For further background you should know that up to this moment I had enjoyed a very special relationship with the “Old Man”. It started early in 1980 when I became the linkman in a secret, exploratory dialogue between him and Shimon Peres, who was then the leader of Israel’s main opposition Labour Party. The hope everywhere at the time, especially in Jimmy Carter’s White House, was that Peres would win Israel’s next election and deny Menachem Begin, the world’s most successful terrorist leader, a second term as prime minister. President Carter was in despair because he had been prevented by Begin and the Zionist Lobby from bringing Arafat and the PLO into the peace process. Working to a Security Council background briefing, my mission was to try to build a bridge of understanding between Arafat and Peres so that in the event of Peres winning the election and becoming prime minister, he could get into public dialogue with Arafat. When Arafat agreed to participate in what I called a conspiracy for peace, he said this to me: “You must understand that I am putting my life into your hands. If word of this leaks before I have something concrete to show for it, I will be assassinated.”

Some years later I discovered who the assassin would have been. Over lunch in his home, I told Abu Iyad the story of my secret shuttle diplomacy between Arafat and Peres, and I ended by quoting what Arafat had said to me at the start of it – that he would be assassinated if word that he was engaged in dialogue with Peres through me leaked.

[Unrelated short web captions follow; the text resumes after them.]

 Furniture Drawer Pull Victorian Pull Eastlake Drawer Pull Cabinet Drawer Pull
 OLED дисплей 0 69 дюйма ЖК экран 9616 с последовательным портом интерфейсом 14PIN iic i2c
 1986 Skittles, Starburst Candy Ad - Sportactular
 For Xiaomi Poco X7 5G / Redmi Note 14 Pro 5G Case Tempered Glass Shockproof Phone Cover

Abu Iyad said: “He was telling you the truth. I would not have ordered anybody else to shoot him, I would have done it myself, with my own gun.”

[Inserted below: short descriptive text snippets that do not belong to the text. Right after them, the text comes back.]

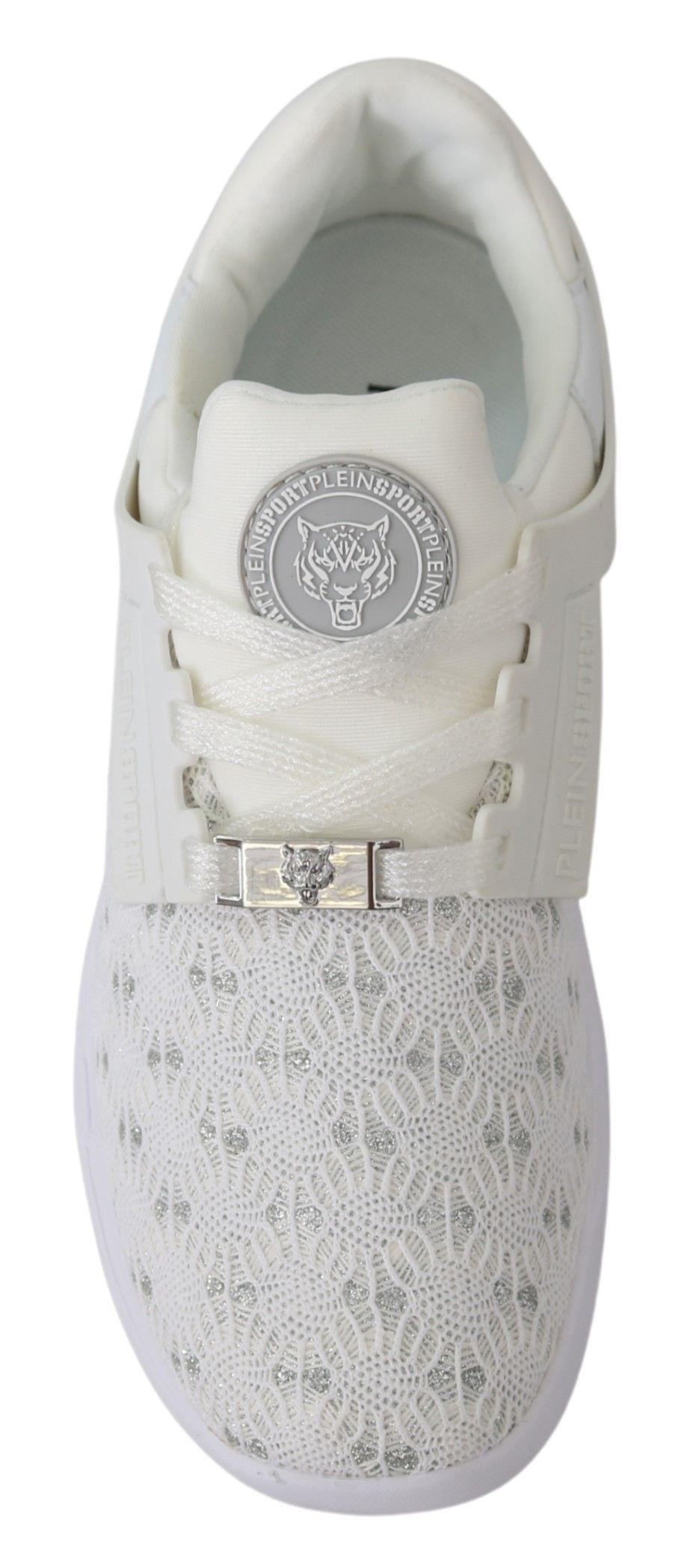 Baskets Beth Sport blanches élégantes Plein Sport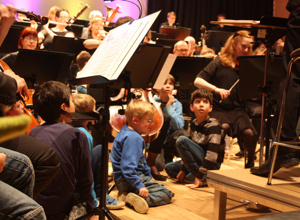 Sinfonische Musik für Kinder und Jugendliche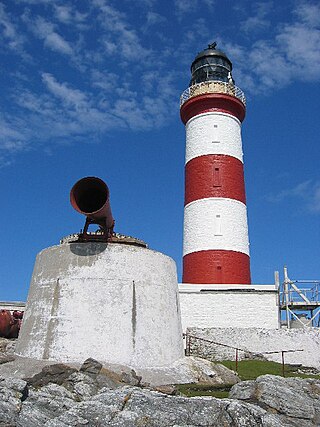 <span class="mw-page-title-main">Eilean Glas Lighthouse</span> Lighthouse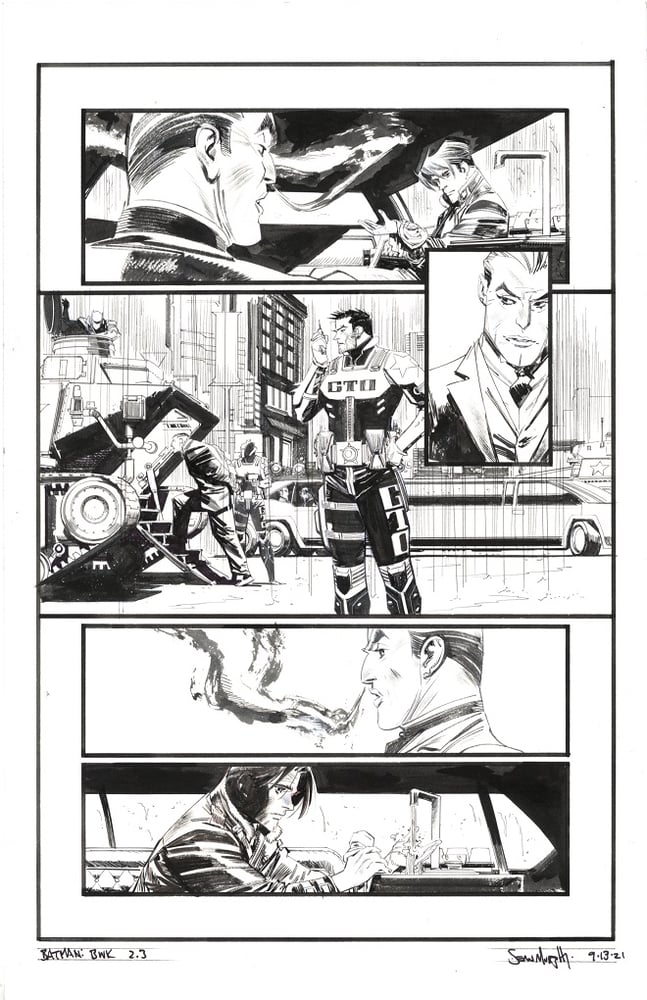 Image of Batman: Beyond the White Knight #2, page 3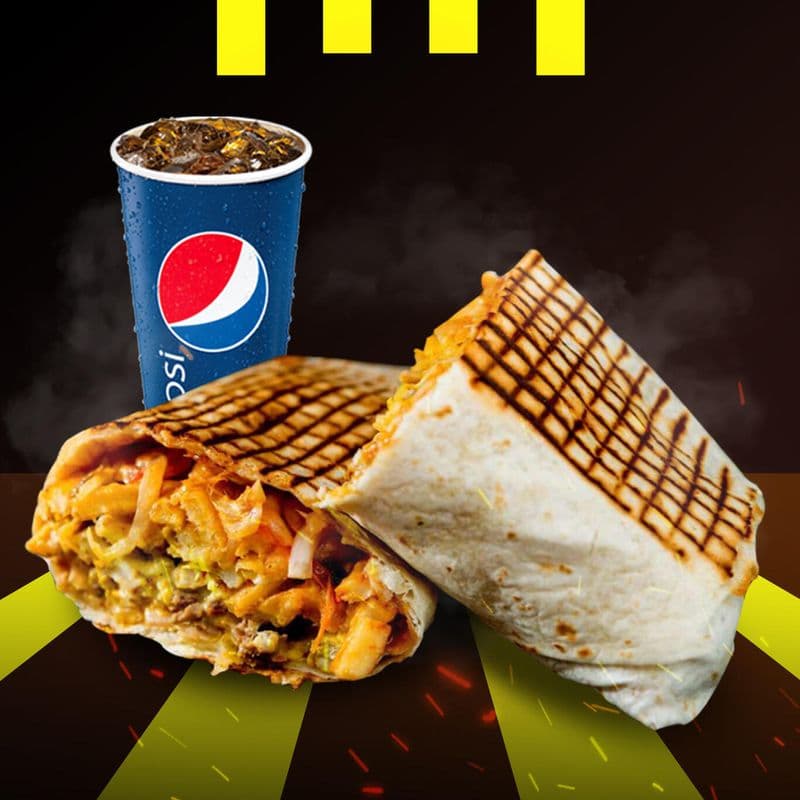 Ton Taco au choix + Breuvage / Your Taco of choice + Drink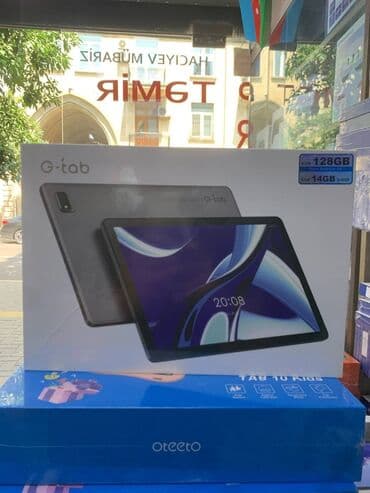 Другие планшеты: Qapıda ödənişG-tab c30 operativ yaddaş 8gb daxili yaddaş 128gb 10.1 — 2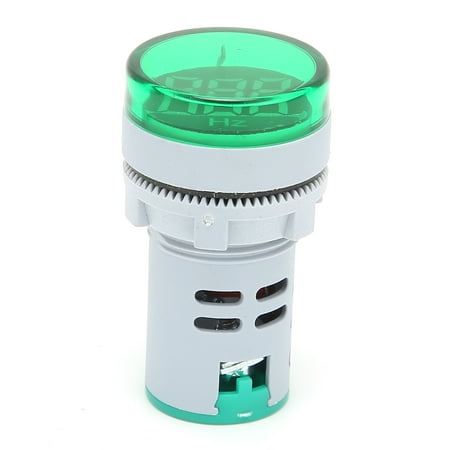 Brrnoo Frequency Meter Frequency Indicator AD16‑22DHZ Frequency Meter 20~75Hz Frequency Indicator Light Panel Meter Monitor
Brrnoo Frequency Meter Frequency Indicator AD16‑22DHZ Frequency Meter 20~75Hz Frequency Indicator Light Panel Meter Monitor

The following day I told Arafat what Abu Iyad had said. He gave me a long, hard look. Then, in a very matter of fact voice, he said: “I knew that. Abu Iyad would have been the one to do it.” (For those in this audience who may not be familiar with Fatah and PLO politics in 1980 when I started my secret, shuttle diplomacy, Abu Iyad was then the one in Fatah’s top leadership who believed that Arafat’s decision to continue the struggle by politics and diplomacy alone was wrong).

The full, inside story of my shuttle diplomacy is in the forthcoming Volume 3 of the American edition of Zionism: The Real Enemy of the Jews. To wet your appetite for it, and before I get to the climax of my favourite Arafat story, I’ll tell you another because it illustrates how pragmatic, how flexible and how serious Arafat was in his effort to do business with Israel, in order to get an acceptable minimum of justice for his people.

At a point in my to’ing and fro-ing between Arafat in Beirut and Peres in Tel Aviv, I decided that we had made enough progress to suggest that they should have a secret, face-to-face meeting. I suggested it first to Arafat. (For background I should tell you that he was not consulting any of his leadership colleagues). When I put the idea to him, Arafat had only one question – What, really, were the prospects of Peres winning the next election and becoming prime minister? I said the expectation in Israel was that he would win. The polls were actually giving his Labour Party a more than 20% lead over Begin’s Likud. Arafat then said, “Yes, I’ll meet with him.” He had only one condition. The meeting could not take place “anywhere on Arab soil”. I said that was no problem. I lived in a rural even remote part of southern England and the meeting could take place in my home. Arafat said, “You have tell me only where and when and I’ll be there“.